Las encíclicas Pacem in terris y Fides et ratio expresan cada una a su manera la importancia de la armonía terrenal y espiritual. Como nos señala Juan XXIII, habitualmente no le dedicamos igual intensidad a la instrucción religiosa y a la instrucción profana y, por tal motivo, caemos en grandes contradicciones. Cuestionarnos a nosotros mismos, saber quiénes somos, de dónde venimos y a dónde vamos, es el principio de un antiguo camino de búsqueda que, como nos dice Juan Pablo II, caracterizan el recorrido de la existencia humana y desembocan en una ineludible interacción entre la Teología y la Filosofía.

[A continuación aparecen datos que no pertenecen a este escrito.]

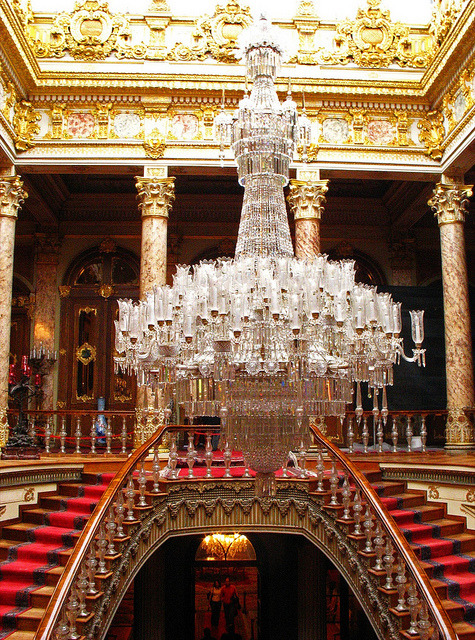 Massive crystal chandelier inside Dolmabahçe Palace, Istanbul, Turkey (by mission75).
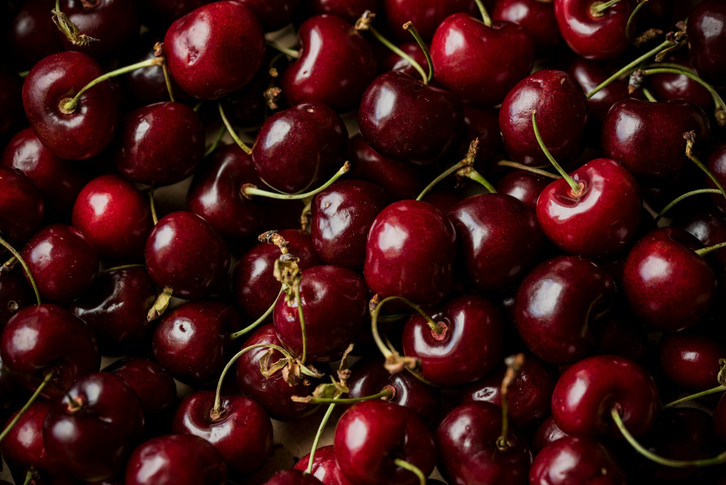 certain-substances-in-sour-cherries-can-sleep-cc0--unsplash--joanna-kosinska-261002_download Certain substances in tart cherries can support sleep.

El hombre es un "anfibio" que vive en la biosfera y en el mundo espiritual, nos recalca Toynbee, y en ese debate sobre qué mundo elige vivir, este prestigioso historiador nos indica que el hombre occidental ha honrado a San Francisco al renunciar a la herencia de los lucrativos negocios de su familia pero ha seguido el ejemplo de su padre Pietro Bernardone, el próspero mercader de telas.
Juan Pablo II y Juan XXIII nos han dejado grandes enseñanzas pero en particular hoy quiero exaltar una de ellas: el hombre puede vivir coherentemente en aquellos dos mundos y para ello debe vivir una fe fortalecida por el amor, una fe animada por el espíritu de comprensión y de convivencia humana, una fe ayudada y sostenida por la razón, una fe promotora de la paz, la justicia y la verdad, alejada de toda irracionalidad, una fe que se integre al diálogo ecuménico y que ingrese a la vez en un diálogo crítico tanto con el conocimiento científico como con el saber filosófico.

sábado, 1 de marzo de 2014

Bienvenidos

Les doy la bienvenida a todos los que llegan a este blog y espero que esta abstraída pero muy terrenal propuesta sea de su interés.
 
Para mí será como un “diario” no tan íntimo pero desde ya muy especial. Voy a compartir con ustedes algunas reflexiones y pensamientos, y en muchos casos lo voy hacer con la ayuda de un grupo de grandes amigos, amantes de la vida y la libertad, que ya experimentaron la aventura de este mundo y dejaron un enorme legado de sabiduría. También habrá otros grandes pensadores que se hallan entre nosotros y que serán convocados a este particular encuentro.

Dos importantes axiomas serán los que guíen este blog: el pensamiento crítico y la coherencia con la religión que profeso. Razón y fe, ellos serán los auténticos mapas de ruta que me acompañarán en esta peregrinación virtual.

Espero disfrutar este tiempo con ustedes y, nuevamente, sean todos bienvenidos a este blog.